The migration layer is where the filings cluster
Beyond device implementations, a large share of PQC patent activity is directed at the transition problem: how a deployed system moves off classical cryptography without manual rework. The DigiCert publication cluster covered elsewhere on this site is a clear illustration. US20260113205A1, "Seamlessly Transitioning to Post-Quantum Cryptography (PQC) in Digital Certificate Management," is directed to automatically moving an end entity from a current cryptography scheme over one certificate chain to a new scheme over an alternate chain when a certificate is up for reissue. US20250373411A1 is directed to protecting documents already signed with a classical algorithm by re-signing their hash with a PQC private key — wrapping a quantum-vulnerable signature in a quantum-resistant one. And US20250371170A1 is directed to tracking the one-time signatures of stateful hash-based schemes — the Leighton-Micali (LMS) and extended Merkle Signature (XMSS) constructions — on a distributed ledger so that a one-time key is never reused, the central operational hazard of stateful hash-based signatures (a family related to the stateless SLH-DSA of FIPS 205). These are applications, not grants, and their issued scope will be whatever an examiner allows; labeled correctly, they show where the inventive effort sits.

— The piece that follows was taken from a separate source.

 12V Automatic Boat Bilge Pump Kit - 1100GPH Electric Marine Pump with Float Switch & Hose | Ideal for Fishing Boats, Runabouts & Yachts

The throughline for reading any "post-quantum patent" headline is the same. The algorithm is probably a public NIST standard, so the patent is almost certainly claiming something else: a hardware path, a key-establishment or key-management scheme, a certificate-migration mechanism, or a hybrid construction that runs a classical and a post-quantum scheme together during the transition. Read the independent claim to find which, check whether the record is a granted patent or a published application, and note the priority date — in a field moving as fast as the PQC standardization timeline, the date that fixes the prior art is often the most load-bearing fact on the page.